> TASK DESCRIPTION: Repeat back the entries that follow, keeping every word as it is.

==== RECORDS FOR THIS TASK ====

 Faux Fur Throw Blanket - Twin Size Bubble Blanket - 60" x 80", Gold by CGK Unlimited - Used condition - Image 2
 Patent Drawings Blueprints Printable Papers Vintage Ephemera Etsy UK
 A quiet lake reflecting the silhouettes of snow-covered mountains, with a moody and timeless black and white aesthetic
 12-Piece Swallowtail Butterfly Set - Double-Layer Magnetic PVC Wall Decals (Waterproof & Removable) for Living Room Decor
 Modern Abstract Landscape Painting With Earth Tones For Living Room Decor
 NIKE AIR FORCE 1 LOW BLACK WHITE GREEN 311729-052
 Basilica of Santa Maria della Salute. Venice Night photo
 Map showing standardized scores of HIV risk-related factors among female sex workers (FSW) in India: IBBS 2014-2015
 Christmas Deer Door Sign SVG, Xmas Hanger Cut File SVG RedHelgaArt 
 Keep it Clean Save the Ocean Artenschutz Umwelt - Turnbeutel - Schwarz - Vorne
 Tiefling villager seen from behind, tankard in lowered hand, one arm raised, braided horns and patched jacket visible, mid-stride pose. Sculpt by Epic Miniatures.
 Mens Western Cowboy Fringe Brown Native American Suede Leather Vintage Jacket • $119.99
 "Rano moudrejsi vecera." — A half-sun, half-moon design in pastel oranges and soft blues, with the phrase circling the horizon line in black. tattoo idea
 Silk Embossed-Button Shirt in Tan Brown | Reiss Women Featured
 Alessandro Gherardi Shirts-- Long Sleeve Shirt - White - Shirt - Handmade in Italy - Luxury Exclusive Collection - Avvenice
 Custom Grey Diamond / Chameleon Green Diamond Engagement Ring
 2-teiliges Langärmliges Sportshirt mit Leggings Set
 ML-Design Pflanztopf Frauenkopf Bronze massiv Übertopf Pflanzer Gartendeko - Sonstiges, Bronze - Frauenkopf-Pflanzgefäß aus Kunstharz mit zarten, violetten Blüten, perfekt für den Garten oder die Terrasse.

====

> YOUR SOLUTION:
 Faux Fur Throw Blanket - Twin Size Bubble Blanket - 60" x 80", Gold by CGK Unlimited - Used condition - Image 2
 Patent Drawings Blueprints Printable Papers Vintage Ephemera Etsy UK
 A quiet lake reflecting the silhouettes of snow-covered mountains, with a moody and timeless black and white aesthetic
 12-Piece Swallowtail Butterfly Set - Double-Layer Magnetic PVC Wall Decals (Waterproof & Removable) for Living Room Decor
 Modern Abstract Landscape Painting With Earth Tones For Living Room Decor
 NIKE AIR FORCE 1 LOW BLACK WHITE GREEN 311729-052
 Basilica of Santa Maria della Salute. Venice Night photo
 Map showing standardized scores of HIV risk-related factors among female sex workers (FSW) in India: IBBS 2014-2015
 Christmas Deer Door Sign SVG, Xmas Hanger Cut File SVG RedHelgaArt 
 Keep it Clean Save the Ocean Artenschutz Umwelt - Turnbeutel - Schwarz - Vorne
 Tiefling villager seen from behind, tankard in lowered hand, one arm raised, braided horns and patched jacket visible, mid-stride pose. Sculpt by Epic Miniatures.
 Mens Western Cowboy Fringe Brown Native American Suede Leather Vintage Jacket • $119.99
 "Rano moudrejsi vecera." — A half-sun, half-moon design in pastel oranges and soft blues, with the phrase circling the horizon line in black. tattoo idea
 Silk Embossed-Button Shirt in Tan Brown | Reiss Women Featured
 Alessandro Gherardi Shirts-- Long Sleeve Shirt - White - Shirt - Handmade in Italy - Luxury Exclusive Collection - Avvenice
 Custom Grey Diamond / Chameleon Green Diamond Engagement Ring
 2-teiliges Langärmliges Sportshirt mit Leggings Set
 ML-Design Pflanztopf Frauenkopf Bronze massiv Übertopf Pflanzer Gartendeko - Sonstiges, Bronze - Frauenkopf-Pflanzgefäß aus Kunstharz mit zarten, violetten Blüten, perfekt für den Garten oder die Terrasse.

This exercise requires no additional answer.